Из степи вид Хортицы и Запорожья напоминал сказочно-удивительное явление природы — одно из тех, которое так страстно запоминается людьми за неповторимость, за то, что они родят радость в сердце, открывают новые источники оптимизма. Ходят же люди встречать восход солнца на высокие горные вершины, ездят же любоваться северным сиянием, водопадом, морем — и, может быть, со временем будут так же глядеть на картину ночного Днепра, на картину пылающей ночи среди голубых степей, — глядеть и чувствовать, что всего этого не было в мире до нас, что еще недавно ночи были здесь черны и пустынны и что таинственное великолепие этой огненной поэмы зажжено руками нашего поколения, не помышлявшего изменять картины неба, а изменявшего и изменившего землю. И земля, получившая новый облик, изменила небо над собою, придала ему новые краски, новое очарование.

— Теперь пригляделись! — сказал дорожный сторож, которого я спросил, нравится ль ему ночной Днепр. — Теперь как будто всегда так было. А в первые годы ужас что делалось. Целые делегации ездили по ночам, ей-богу. Смотрят, поют, в ладоши хлопают. Издалека народ приезжал посмотреть. Старики говорили: «Днепр, вишь, зажгли…» В степу собаки, как ночь, так, бывало, и воют, так и воют — пожар, думают. Да ведь эдакое вознесли! Вы зимой не бывали у нас? Кругом снег, бело, а он — горит! И снег от него далеко розовый…
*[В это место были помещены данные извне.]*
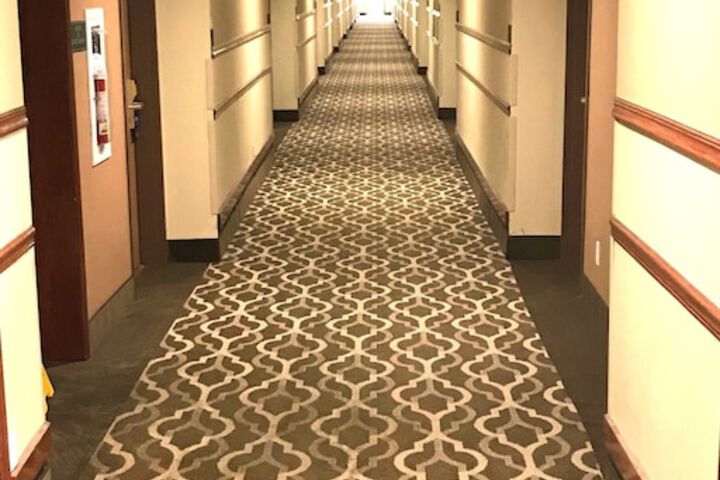 Ballroom/Hall 35 of 40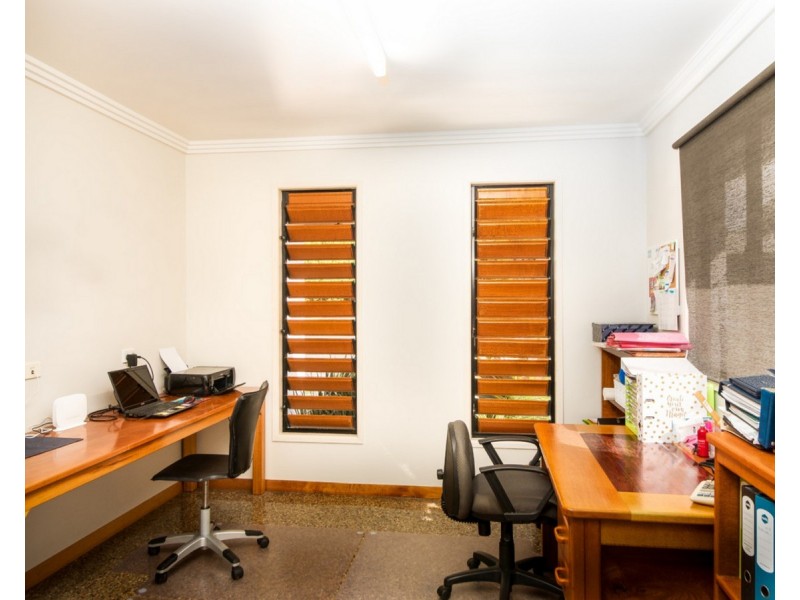 44 Mountain View Drive, Atherton QLD 4883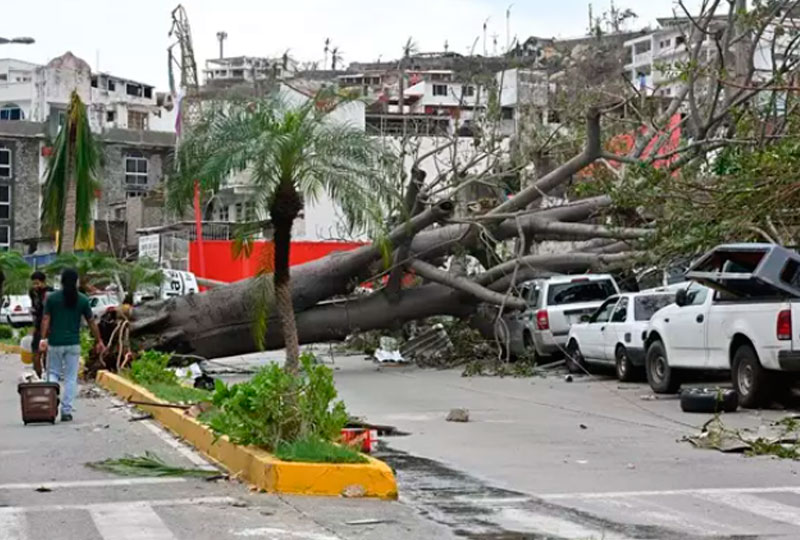 Ya son 48 los fallecidos por el paso del huracán ‘Otis’ por México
…Мосты через Днепр. Зеленые звезды речных сигналов, и темные контуры рыбачьих лодок, и синяя белизна хат у берега, и отсветы багрового неба в черной синеве воды под мостами…

И плотина! Ее очень трудно описывать, потому что не с чем сравнить. Сейчас она не сооружение, а образ, явление, случай в природе. День расставит предметы и разложит расстояния в реалистическом порядке, более точном, хотя и более будничном, — а ночь, сжав пространства, оставляет одну, но самую верную, эмоциональную черту места; одну, но самую запоминающуюся примету его.

Здешние приметы — огонь; в таких масштабах и формах, каких, кажется, нет нигде, потому что ни в каком другом углу мира нет Днепрогэса и Днепра, и широчайших украинских степей, и легкого украинского неба. Здесь царство огня, энергии, простора.

В Дагестане, недалеко от железнодорожной линии на Баку, выходят из земли горящие газы. Среди пустынных солончаков пылал высокий пламень, зажженный нечаянно самой природой. Им любовались. Пламя было красиво и необычно. А на Днепре были пороги. Их затопили. Загородили реку плотиной. Вокруг построили города и заводы. И от воды возникло горение неба, полное радости.